- Prompt -
Each entry must come back word for word; drop the images as you go.

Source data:
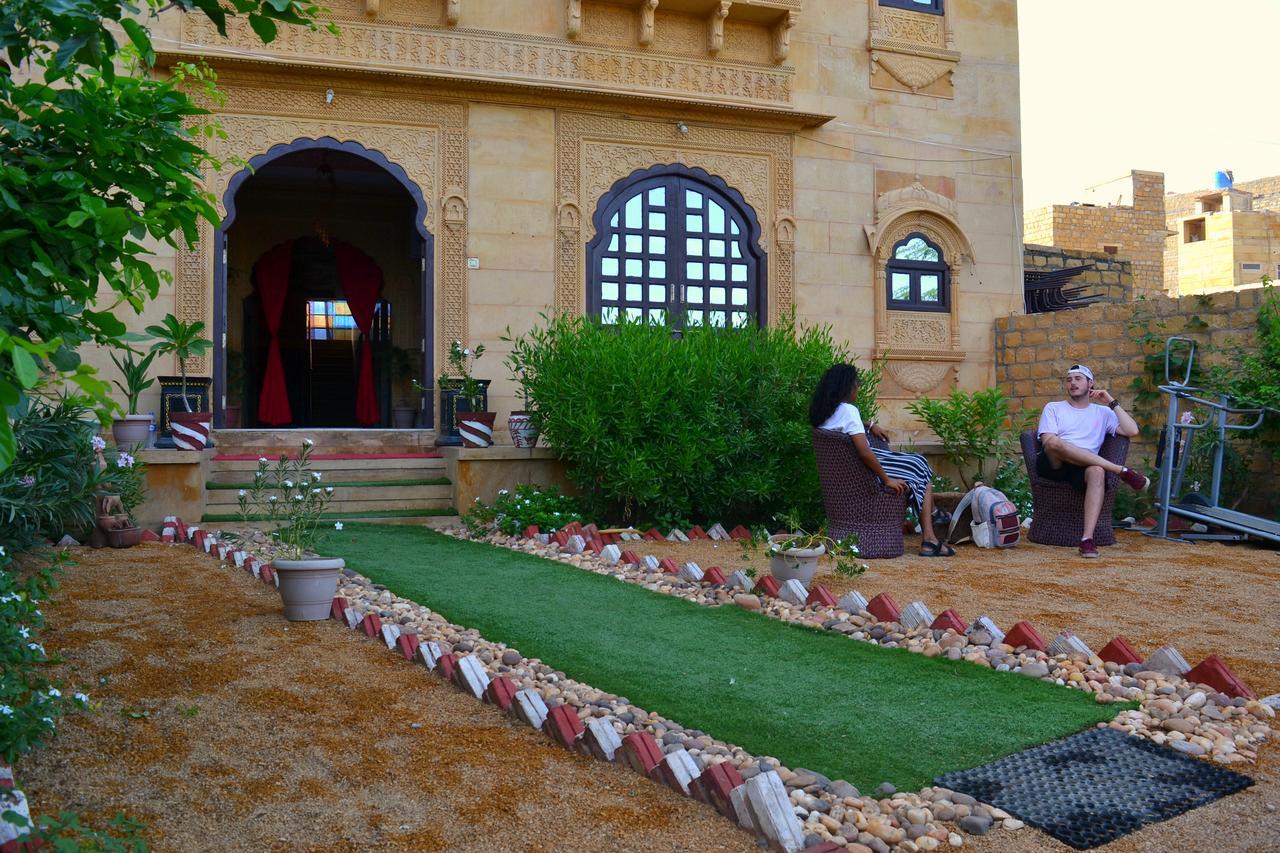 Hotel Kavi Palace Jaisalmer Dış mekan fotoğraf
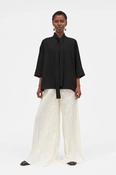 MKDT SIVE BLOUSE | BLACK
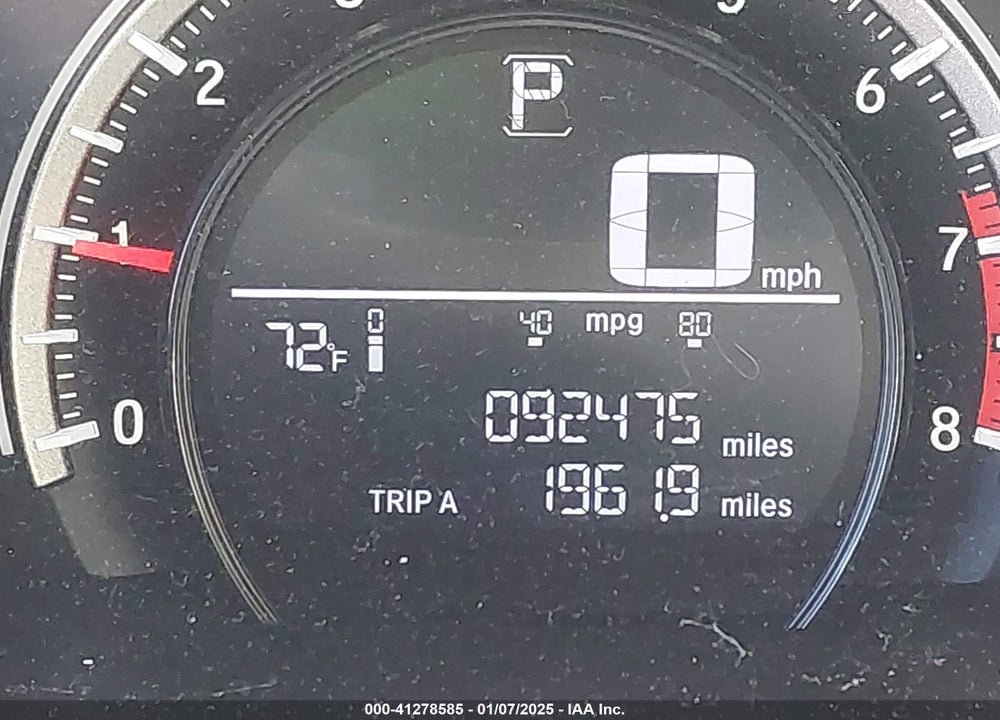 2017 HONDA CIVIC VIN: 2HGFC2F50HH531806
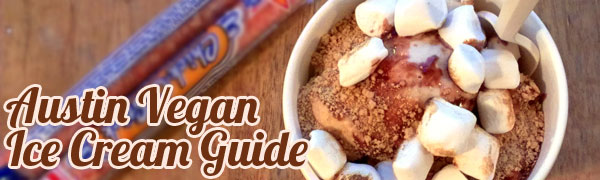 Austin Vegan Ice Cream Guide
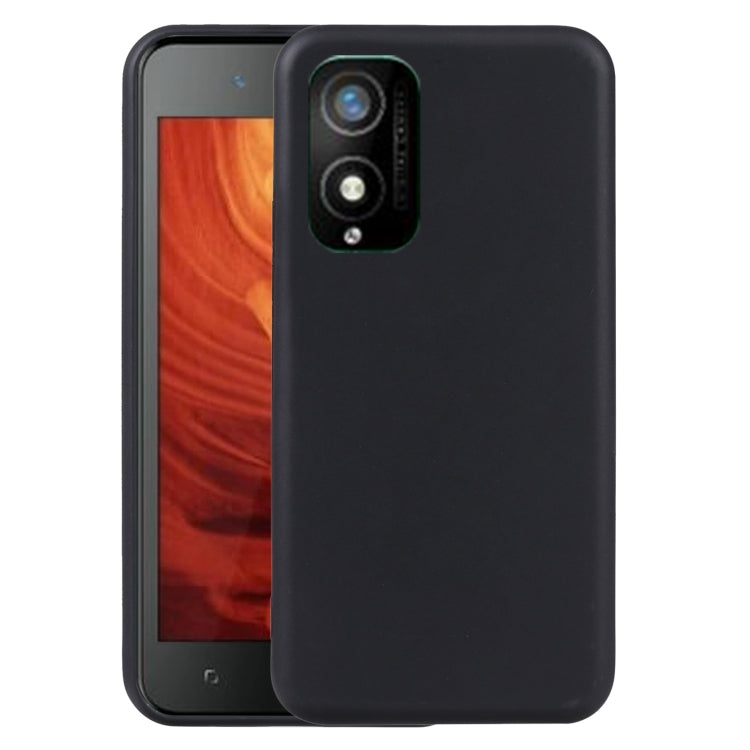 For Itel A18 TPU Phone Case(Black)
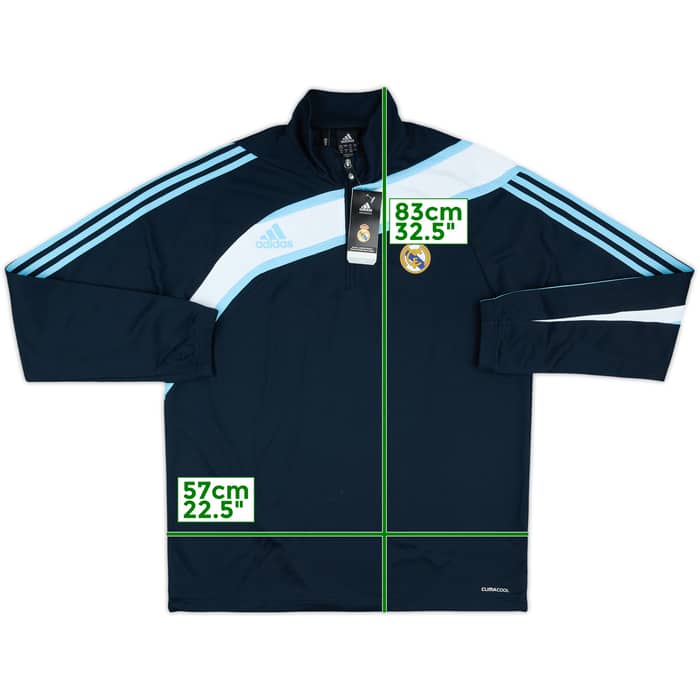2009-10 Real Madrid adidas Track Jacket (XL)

- Task response -
 Hotel Kavi Palace Jaisalmer Dış mekan fotoğraf
 MKDT SIVE BLOUSE | BLACK
 2017 HONDA CIVIC VIN: 2HGFC2F50HH531806
 Austin Vegan Ice Cream Guide
 For Itel A18 TPU Phone Case(Black)
2009-10 Real Madrid adidas Track Jacket (XL)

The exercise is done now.